## [What you should do]
Please transcribe the data that follows without the pictures, keeping every word the same.

## [Supplied records]
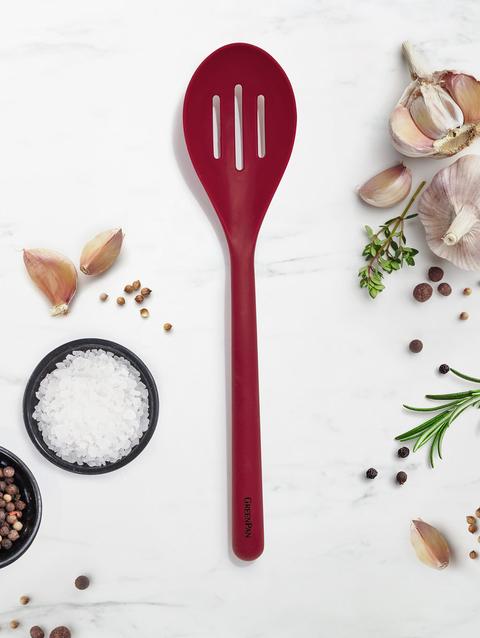 GreenPan Platinum Silicone Slotted Spoon | Red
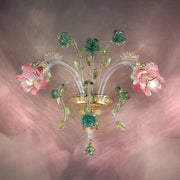 Fiorito Zo Chandelier Murano Glass Sconce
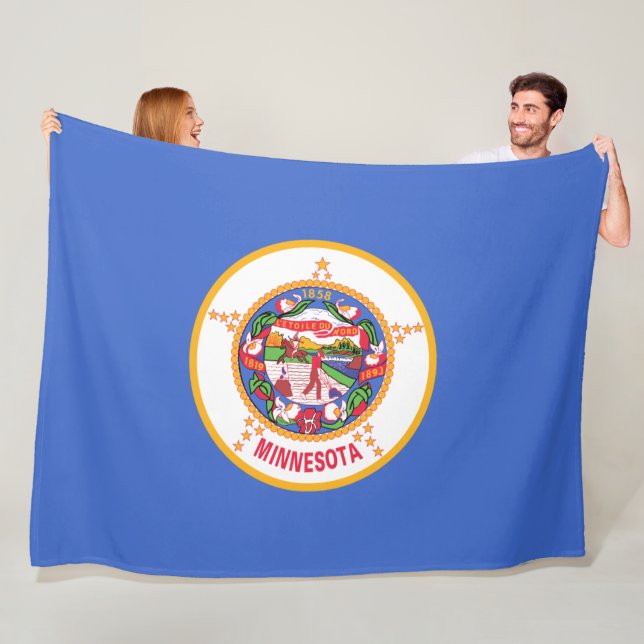Statlig flagga i Minnesota Fleecefilt (På plats)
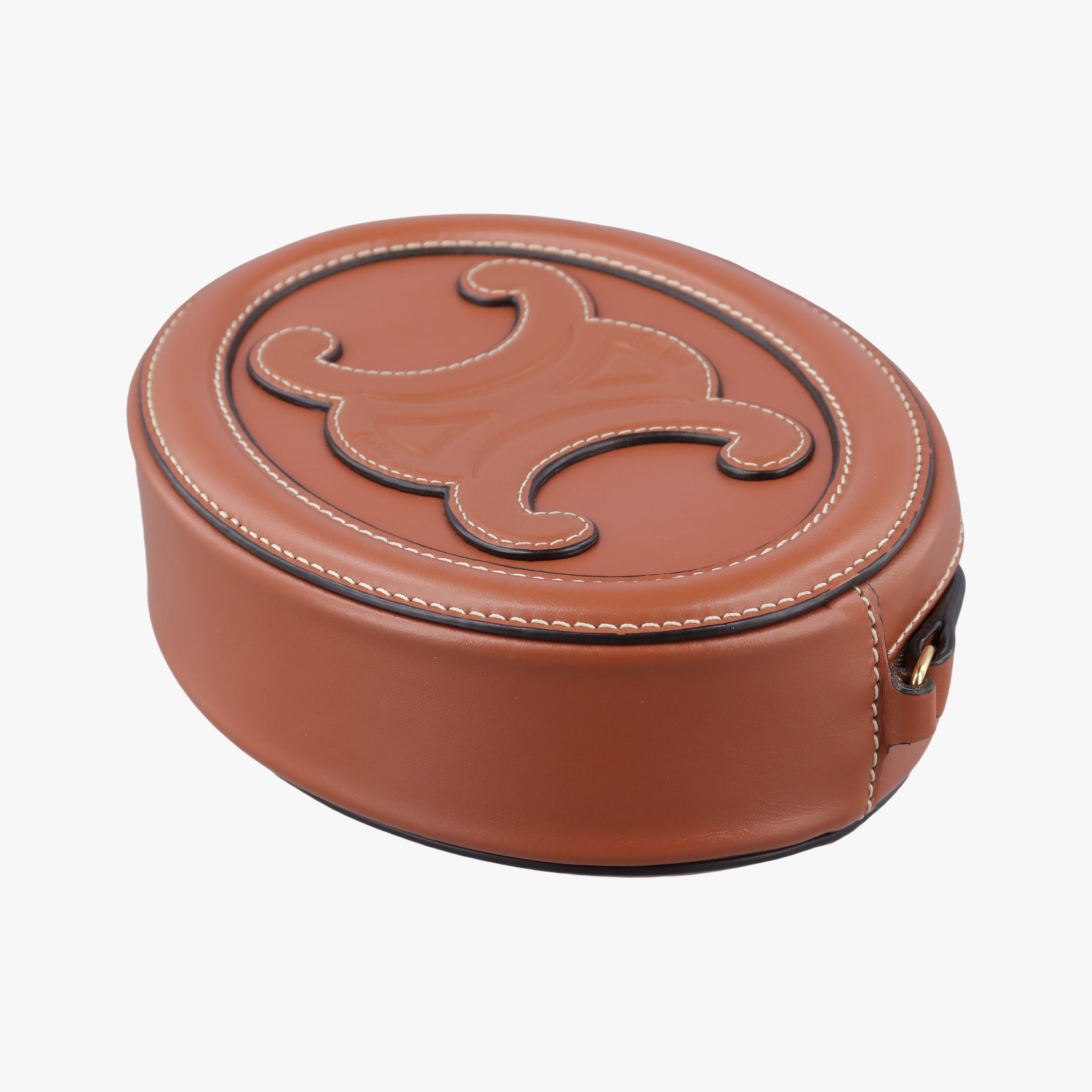 Oval Purse Cuir Triomphe Brown Leather U-SL-0262オーバルパース キュイル トリオンフ ブラウン レザー U-SL-0262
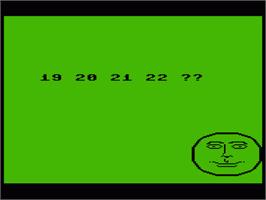 In game image of Kindercomp on the Commodore VIC-20.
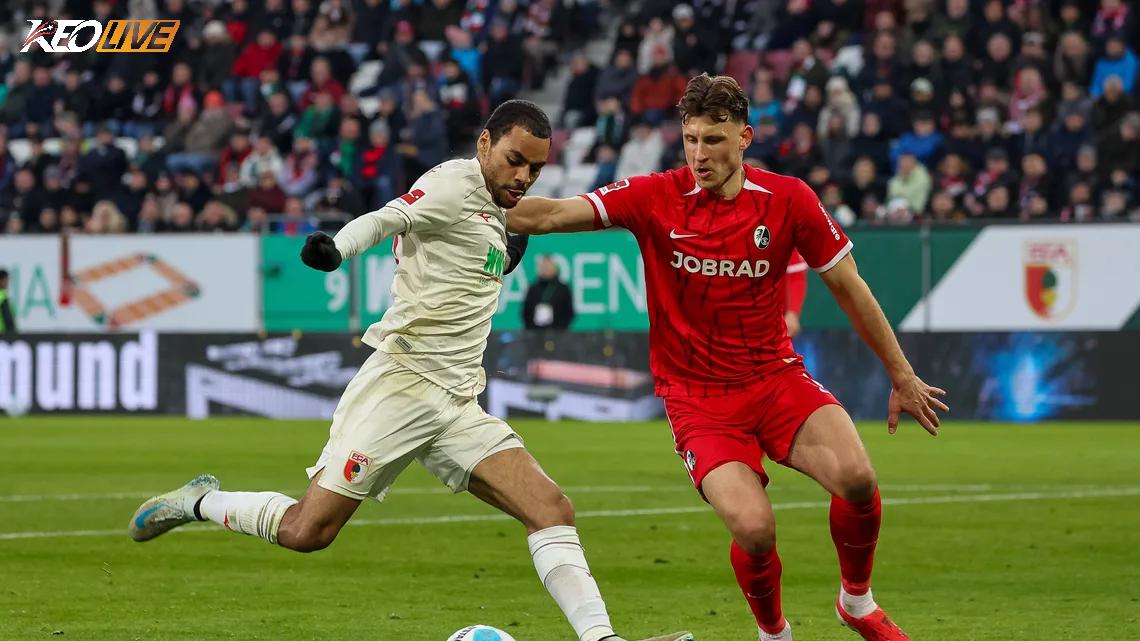 Lần gặp nhau gần nhất Freiburg vs Augsburg | Keolive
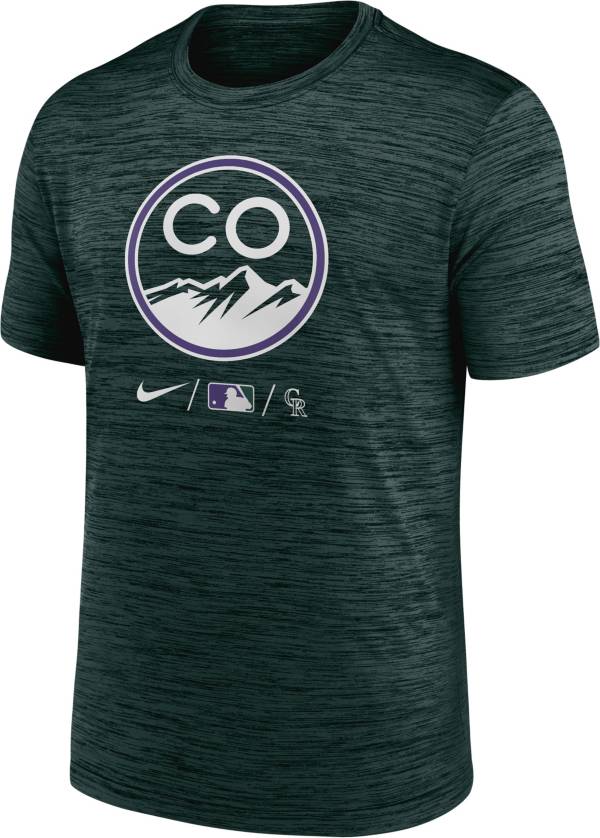 Nike Men's Colorado Rockies 2022 City Connect Velocity Practice T-Shirt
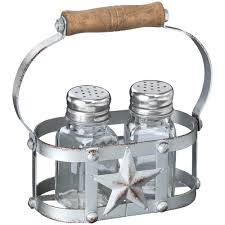 BG87-1601 Salt & Pepper-Metal Star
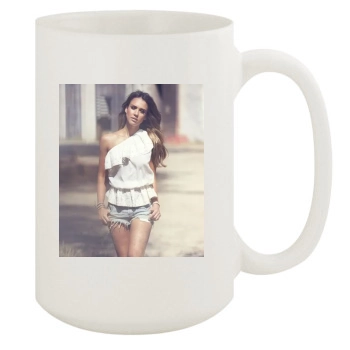 Jessica Alba 15oz White Mug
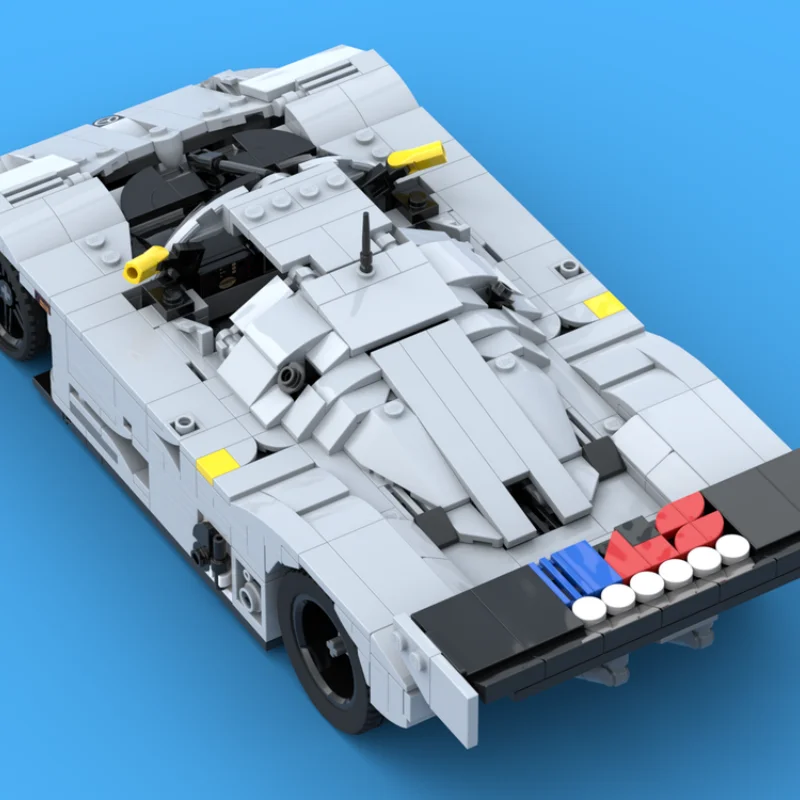 MOC-240297 Mercedes Sauber C9 Building Blocks Model Sports Car Series Speed Champions Creative Gift Puzzle City Car 944PCS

## [Solution to this task]
 GreenPan Platinum Silicone Slotted Spoon | Red
 Fiorito Zo Chandelier Murano Glass Sconce
Statlig flagga i Minnesota Fleecefilt (På plats)
 Oval Purse Cuir Triomphe Brown Leather U-SL-0262オーバルパース キュイル トリオンフ ブラウン レザー U-SL-0262
 In game image of Kindercomp on the Commodore VIC-20.
 Lần gặp nhau gần nhất Freiburg vs Augsburg | Keolive
 Nike Men's Colorado Rockies 2022 City Connect Velocity Practice T-Shirt
 BG87-1601 Salt & Pepper-Metal Star
 Jessica Alba 15oz White Mug
 MOC-240297 Mercedes Sauber C9 Building Blocks Model Sports Car Series Speed Champions Creative Gift Puzzle City Car 944PCS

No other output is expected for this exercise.